My body is a sunroom in a big house, taking in the light, and flourishing with plants growing happily by the windows. Able to feel the warmth of the sun and the chill of cool rains. Nevertheless, the sunroom protects me by giving a safe space to view the world passing by. My body is the vessel where stories of pain and growth live together. Where I can be strong and ask for help. Where I can feel confident and sexy in my mirrorless home. My body carries the heart learning once again what freedom of laughter feels like. A woman is not to be abused but to be unstoppable in a world that insists on stomping her to the ground. I am a home carved into a mountain, as indestructible as time.
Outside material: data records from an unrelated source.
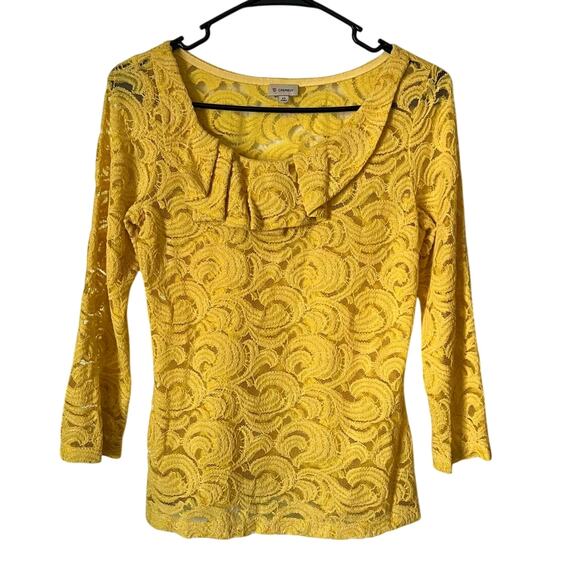 Cremieux Women’s Mustard Yellow Lace Top – Size XS - Picture 1 of 4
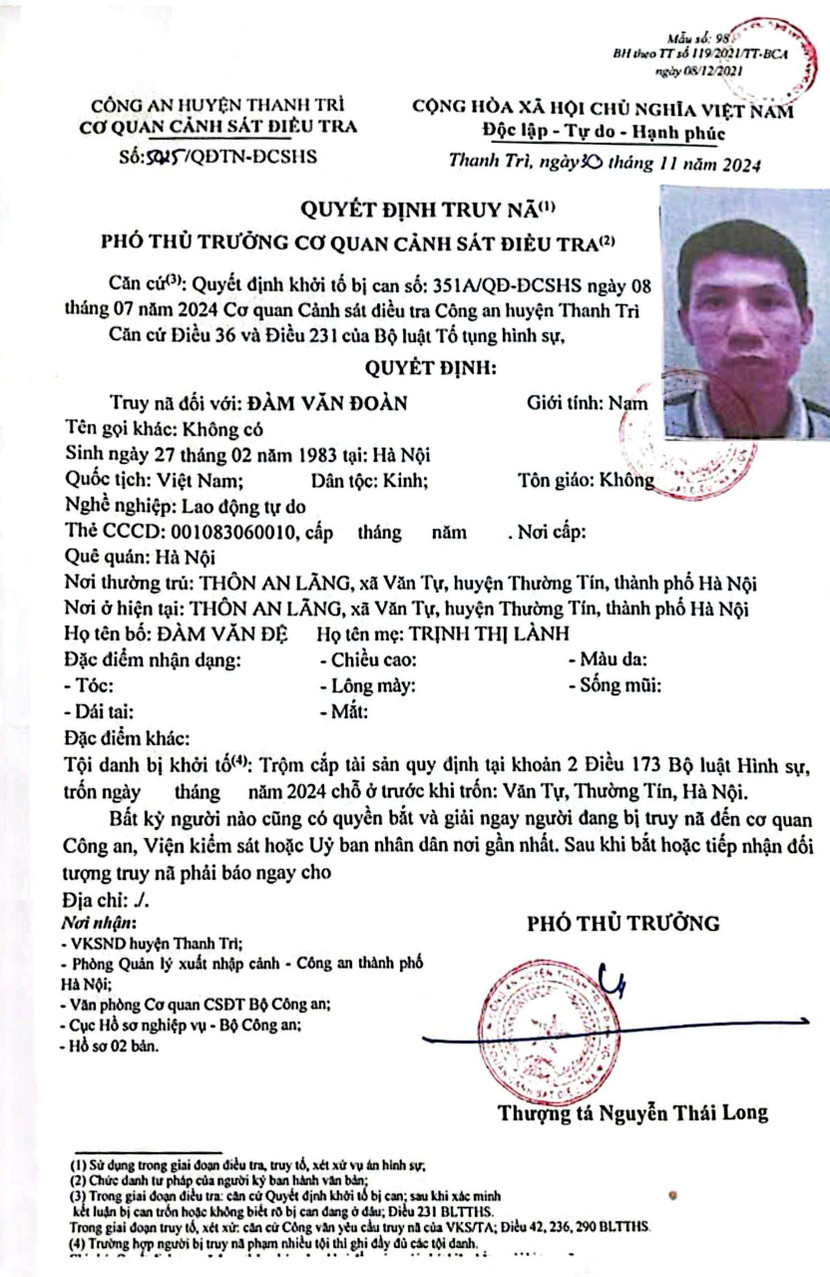 Quyết định truy nã Đàm Văn Đoàn
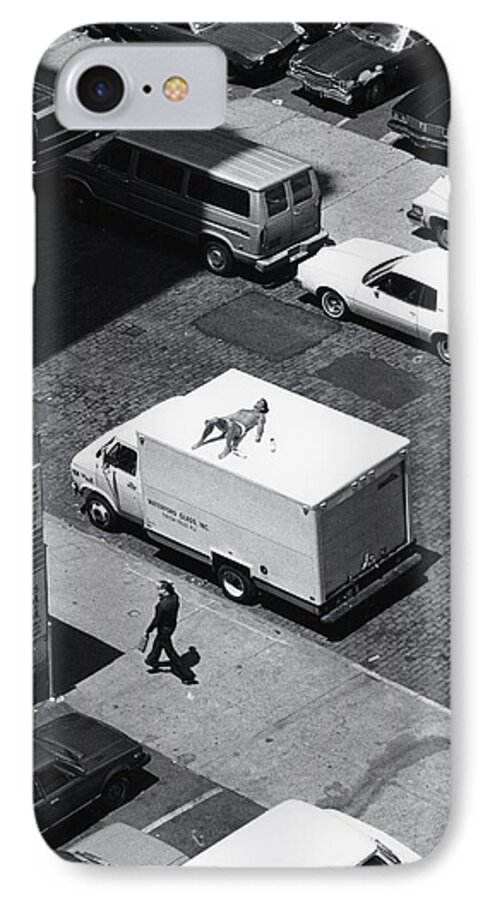 B&w Gallery iPhone 8 Case featuring the photograph Suntan break NYC by Steven Huszar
I am a force of nature.

-Nadia Khansa

See this gallery in the original post

Nadia Khansa is an artist, activist, and mental health therapist. She began writing informally when she was twelve after fleeing war in her home country of Lebanon with her family. Since a young age she's been interested in how trauma affects the soul, and grew interested in art as a medium of activism after being sexually assaulted when she was seventeen. She later gave a TEDx talk titled "Its Time to Talk about Trauma" and has since moved on to becoming a trauma therapist.